At a summit in Cannes, France, the Group of 20 advanced and emerging economies agreed to a suite of policies to keep the global economy growing and balanced.
The prescription is for the United States and Europe to wrestle down their budget deficits, while China and other emerging markets boost domestic demand by allowing their currencies to trade more freely, and Europe and Japan implement structural reforms.
The global economy will fare far worse if these measures are postponed until the end of 2015 than it would if they were implemented sooner, according to the Bank of Canada's analysis.

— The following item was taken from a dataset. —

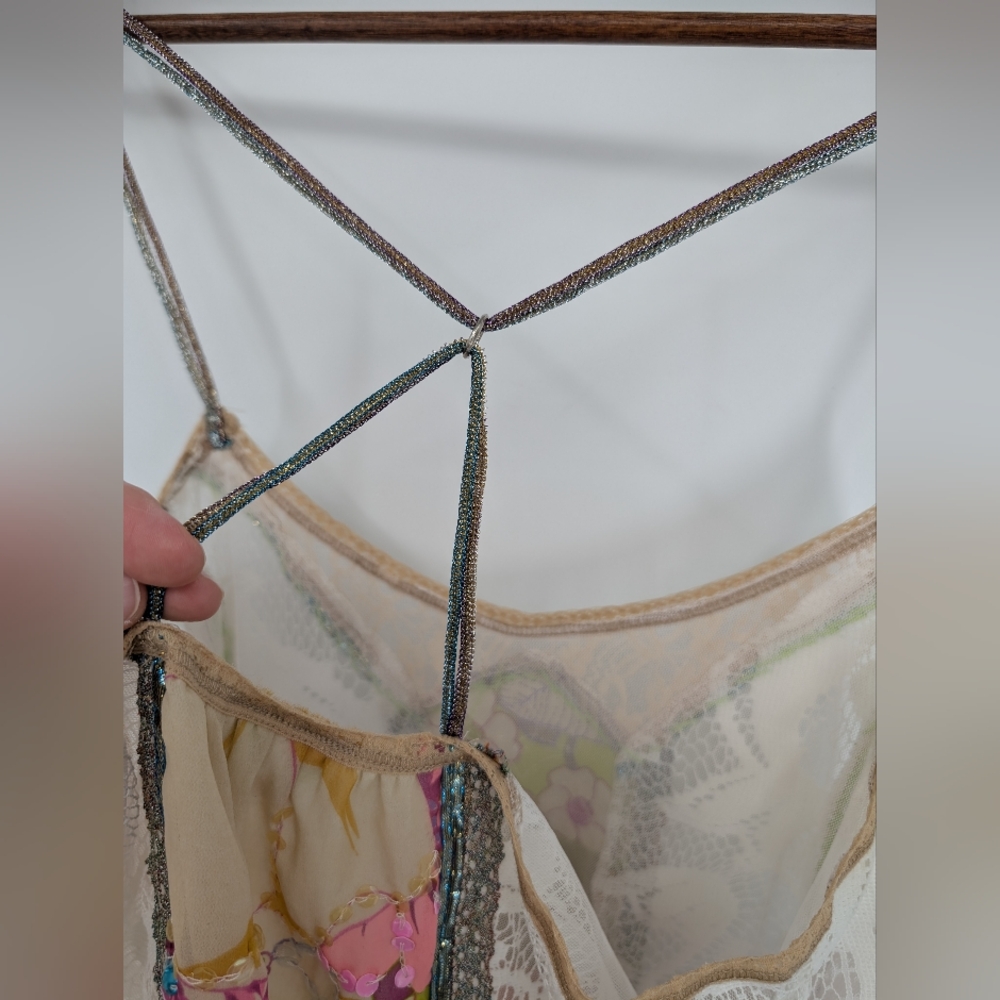 Free People White Lace Patchwork Tank with Pink & Green Floral Panel - Picture 8 of 10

"By 2015, the lack of required policy measures produces an 8 percent loss in world GDP (US$6 trillion at 2009 prices) relative to the baseline scenario," said the research paper in the Bank of Canada Review, a quarterly collection of articles by the bank's researchers.
"During the same period, the U.S. GDP is lower by 6 percent relative to the baseline scenario, while the decline in Chinese GDP is 12 percent."
The authors ran three different scenarios through their models to determine the outcome - the baseline scenario in which countries do as they pledged in a timely manner and two alternative scenarios in which reforms are either delayed or only partially undertaken.
The baseline scenario assumes the U.S. federal debt will stabilize at about 80 percent of GDP by 2015 and that there will be some additional fiscal stimulus. The European Union as a whole would see a declining ratio of debt to GDP by 2015.
It also assumes less government intervention in the foreign exchange markets in China and other emerging markets in Asia, leading to a 20 percent appreciation of the Chinese yuan by the end of 2020.